During my time as an outdoors store owner in Charleston, I saw many a spring or summer day that was wasted by my customers who brought their equipment in and said something like: “I got my rod and reel out to go fishing and it’s not working. Can you help?”
Every single time that this happened, the troubles those folks encountered could have easily been prevented had they properly cleaned and stored their equipment before putting it away.
Let’s be honest with ourselves, however. Few, if any, ever treat their tackle and gear as they should, and performing an off season tune-up can go a long way toward keeping your blood pressure down and the curse words at a minimum when you put them to use again.
Getting and keeping your fishing reels in top running condition is not that tough.
All of today’s models are easily disassembled, allowing you to place a light coating of reel grease on the gears.
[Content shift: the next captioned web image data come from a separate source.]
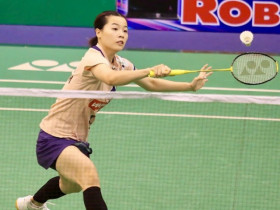 Hot girl cầu lông Thùy Linh vượt qua khắc tinh, ra quân thuận lợi tại Vietnam Open 2025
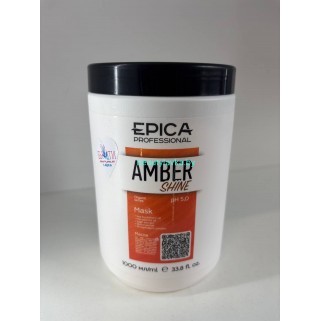 Маска для восстановления и питания волос «AMBER SHINE Organic» 1000 мл. EPICA Professional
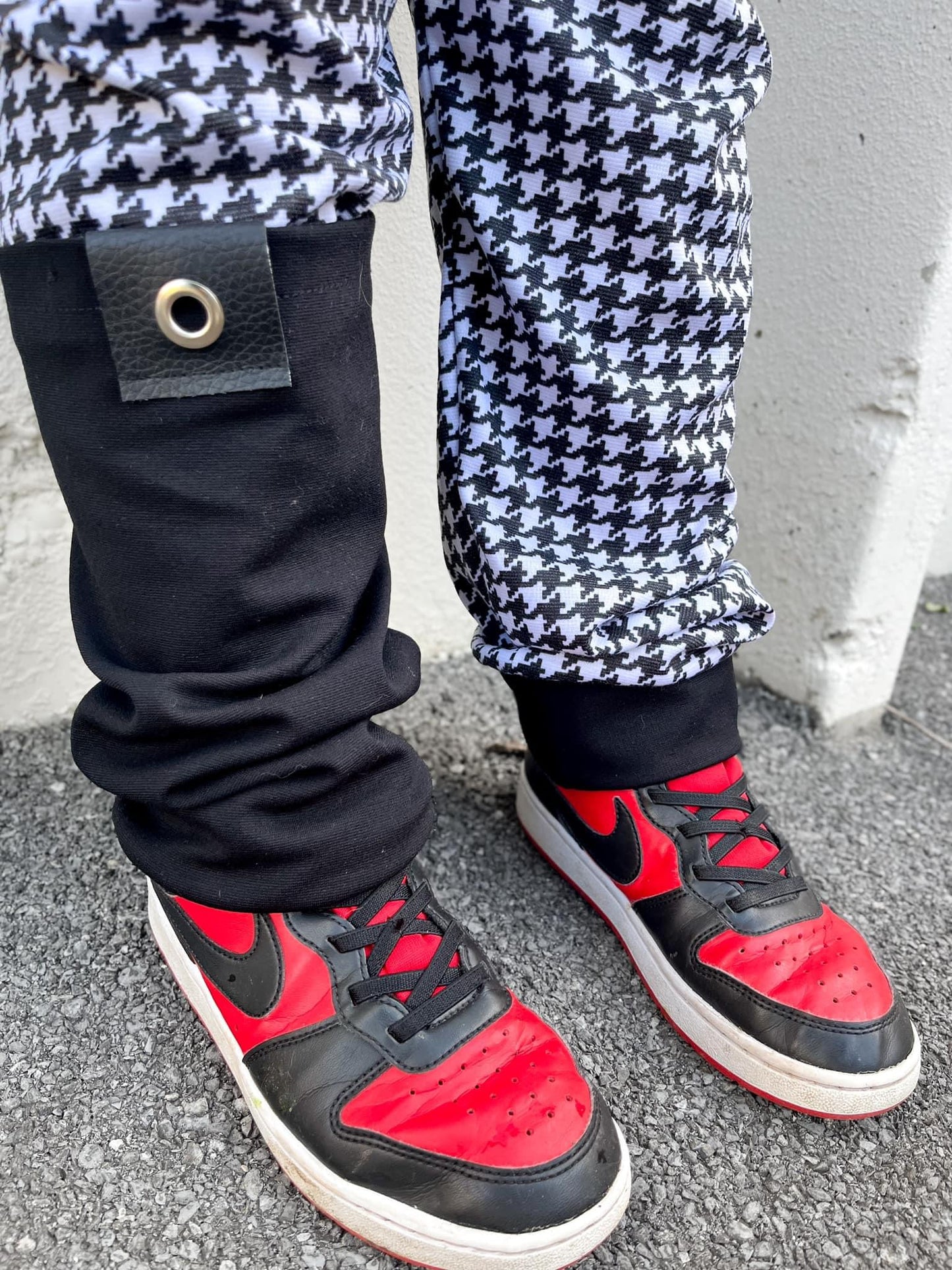 H- MR.O HOUNDSTOOTH PANTS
Some models require lithium grease for the bearings while others stick with the old standard reel oil that has been used for decades. If you’re unsure of what to use on yours, check the manufacturer’s website as most makers of better gear will provide the proper information.
The last major part of a reel to consider is the drag. There are types of reel drags on the market that operate with a coating of grease, oil or completely dry.
Again, you’ll need to know the specifics of your reel before tackling this one. If yours requires lubrication, remember to not overdo it. Too much and you’ll find that the drag will spin freely which completely defeats its purpose.
Thin, high-strength braided lines have become all the rage in recent years. Since these have no stretch like the old monofilament lines, they are definitely tougher on your reels, but do you know what they can do to your rods?
These fine diameter lines have the ability to actually cut grooves into the guides that run the length of your rod. At best, this can result in the loss of a good fish as a taut line will inevitably find its way into that channel, but it can also ruin the rod entirely.
Carefully inspect each one of the guides on your rods to make sure this hasn’t happened already. If it has, look into getting the damaged guides replaced or, if it’s a cheaper rod, toss it. There’s no point in fishing with something that will ultimately ruin your day of fishing.
Your rod guides can also corrode just as quickly as the parts within your reel. Before storage, spray a little lightweight oil onto them.
How many times have your ended your hunting season by placing your rifle or shotgun into its place of storage, never to look at it again until the next fall? Did you bother to clean it before doing so?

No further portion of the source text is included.